Es herrscht Aufbruchstimmung in der Stadt, sie hat sich vom Ersten Weltkrieg erholt und auch von der Wirtschaftskrise. In den letzten zwei Jahren wurde wieder häufiger geheiratet – ein Indiz für die Zuversicht in der Bevölkerung. Es knistert zwar gehörig zwischen dem «roten» Zürich und dem konservativen Kanton, aber es geht vorwärts: Das Krankenkassenobligatorium kommt durch, auch für den sozialen Wohnungsbau und die Arbeitslosenversicherung sieht es gut aus.
Wir stellen uns vor, wie Emilie Beyer-Mathys aus der engen, dunklen und vom Boden bis unter die hohen Decken mit Uhren behängten Chronometrie im «Palais de Credit Suisse» auf die Bahnhofstrasse tritt. Sie überquert die Bärengasse und erlaubt sich vor dem neuen Orell-Füssli-Hof ein Schmunzeln. Die Ausbauarbeiten sind im Gang, bald wird die Chronometrie die modernen Räumlichkeiten beziehen. Sie kann es kaum erwarten.
PRÄGEND FÜR DAS QUARTIER
Emilie Beyer ist 27-jährig und erinnert sich gut an die Villa Grabenhof, die bis vor drei Jahren hier stand: Es war das letzte Haus mit Garten an der Bahnhofstrasse. Die stuckverzierten Salons und vor allem das üppige Boudoir hatten zu allerlei Gesellschaftsklatsch Anlass gegeben. An ihrer Stelle thront nun das neoklassizistische Geschäftshaus mit seinen grosszügigen Treppenhäusern, den Paternoster-Liften und einer bemerkenswerten, 300 Quadratmeter grossen Autogarage: Der Komplex wird sich als prägend erweisen für das Quartier rund um den Paradeplatz.
Vielleicht spaziert Emilie Beyer weiter bis zur Fraumünster- Post, wo sich ihre Laune verschlechtert: Die Wartezeiten hier sind gefürchtet. Zum Glück haben die Bauarbeiten für das Postzentrum neben dem Hauptbahnhof begonnen. Auf dem Rückweg zur Chronometrie schaut sich Emilie Beyer die Auslagen im Bally-Haus an, es wurde eben fertiggestellt. So wie der Bahnhof Enge und der erste Tunnel unter der Sihl hindurch. Dank ihm wurde nicht nur das Reisen einfacher, auch der Verkehr durch die Stadt entspannte sich deutlich, hatte es doch bisher zwischen Wollishofen und Hauptbahnhof zwölf Bahnübergänge gegeben, die täglich während 91 Minuten geschlossen waren.

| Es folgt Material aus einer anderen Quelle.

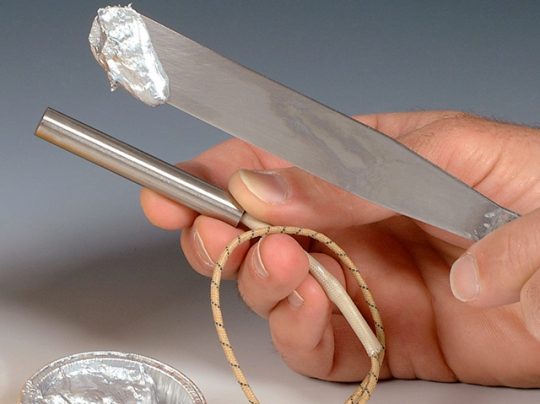Electrically and Thermally Conductive Greases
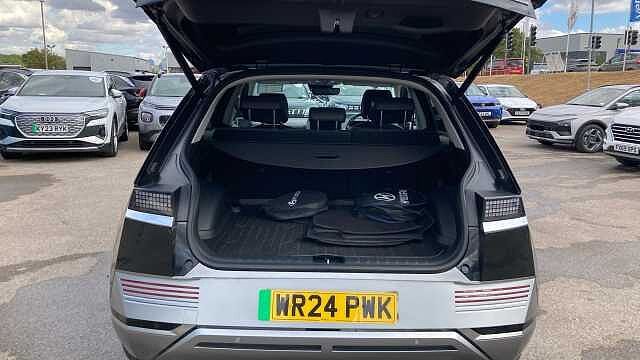 Hyundai IONIQ 5 239kW Namsan Edition 77 kWh 5dr AWD Auto Electric Hatchback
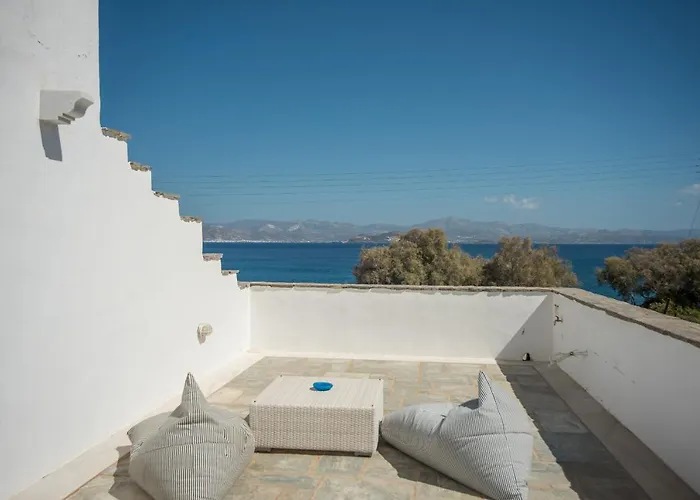 Villa Eternity Seafront Awakening Senses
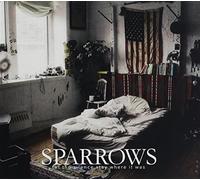 SPARROWS Let The Silence Stay Where It Was (CD) (US IMPORT)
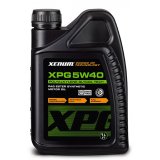 Моторное масло Xenum XPG 5W-40 1 л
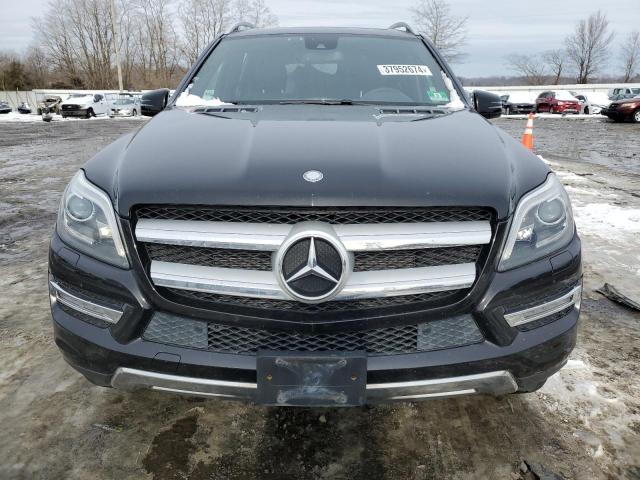 VIN 4JGDF6EE5GA711507 2016 Mercedes-Benz GL-Class, ... no.5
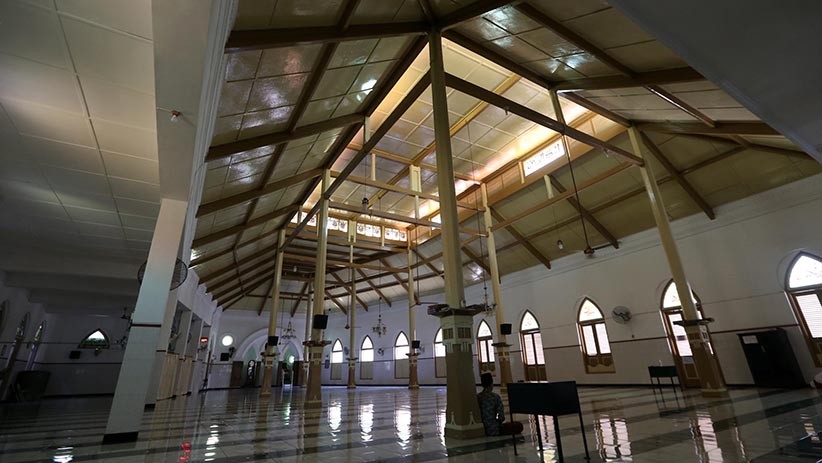 Masjid Peneleh Surabaya, Warisan Peninggalan Sunan Ampel Seluas 999 Meter - Bagian 2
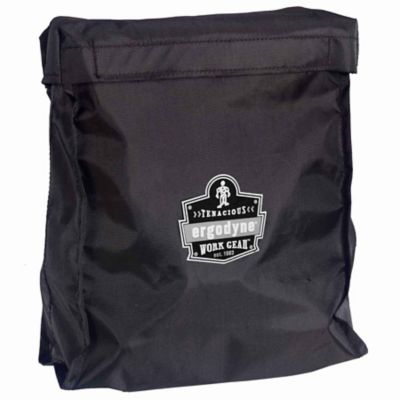 Arsenal 9.5 in. x 4 in. x 12 in. 5183 Full-Mask Respirator Bag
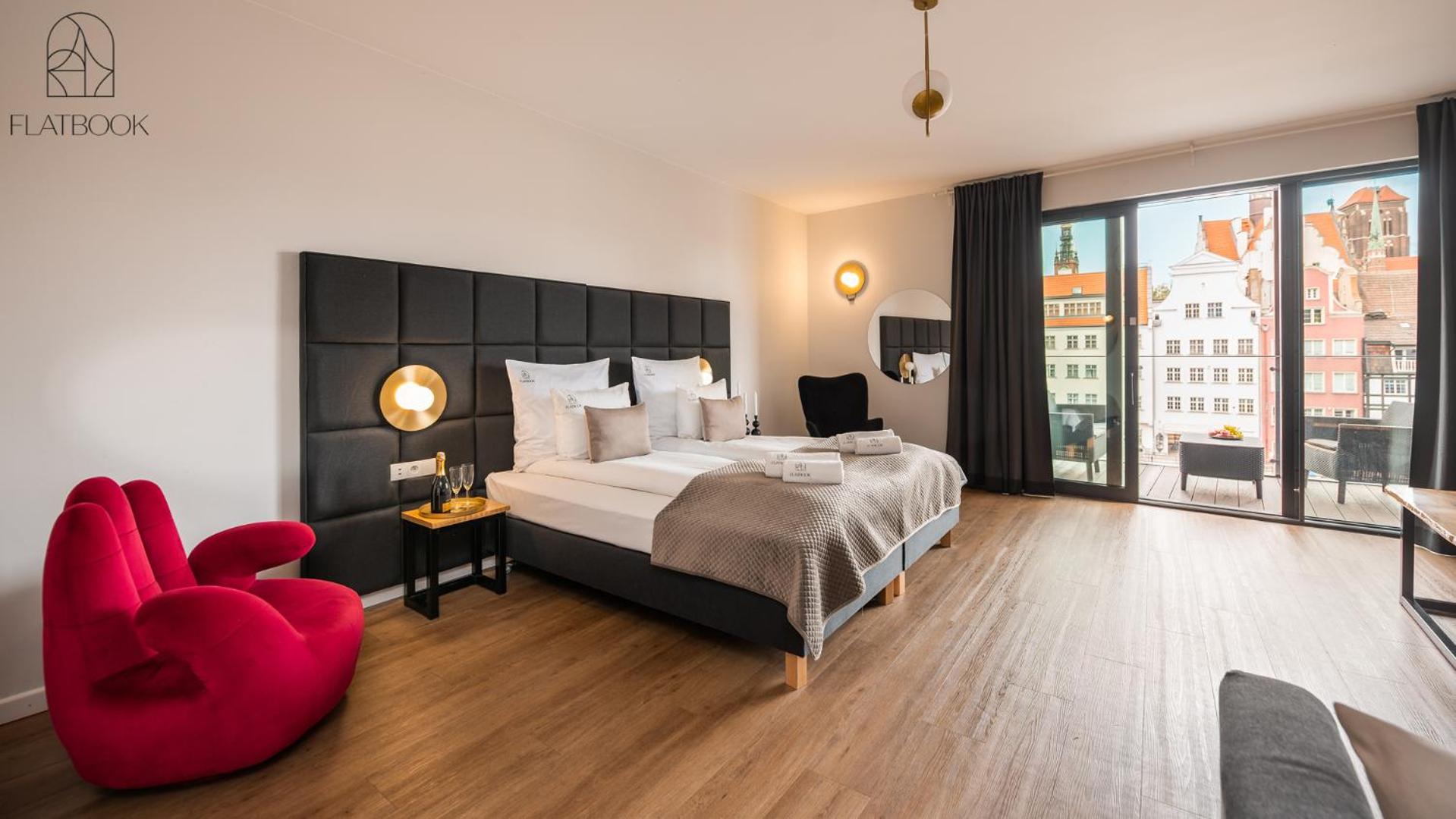 Flatbook - City Center Apartments Deo Plaza Studio II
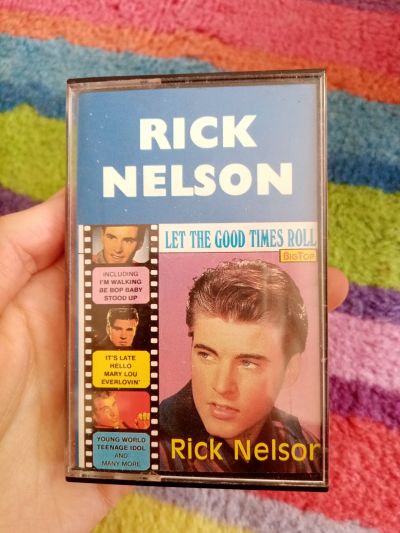 Kazeta Rick Nelson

Emilie Beyer geht zurück in das enge, dunkle Lokal im «Palais de Credit Suisse», wo die Familie Beyer genau 50 Jahre lang gewirkt hat. Trotz ihrer kleinen Kinder hält sie den Betrieb aufrecht, wenn ihr Mann, Theodor Julius Beyer, als Präsident des Uhrmacherverbands und des Zürcher Motorradclubs unterwegs ist oder als Gasttrompeter von Jazzorchestern in Zermatt auftritt. Sie schaut aus dem Fenster und sieht eines dieser faszinierenden Autos vorbeifahren. Noch ahnt sie nicht, dass sie eine der ersten Zürcherinnen sein wird, die bald schon selbst am Steuer eines Autos sitzt.
Noch weniger kann sie sich vorstellen, dass die Aufbruchstimmung in Zürich nur von kurzer Dauer sein wird: Die Weltwirtschaftskrise wird 1929 auch die Schweiz treffen, und die Beyer Chronometrie wird nur überleben, weil Emilie Beyer zu unkonventionellen Mitteln greift. Davon ein andermal.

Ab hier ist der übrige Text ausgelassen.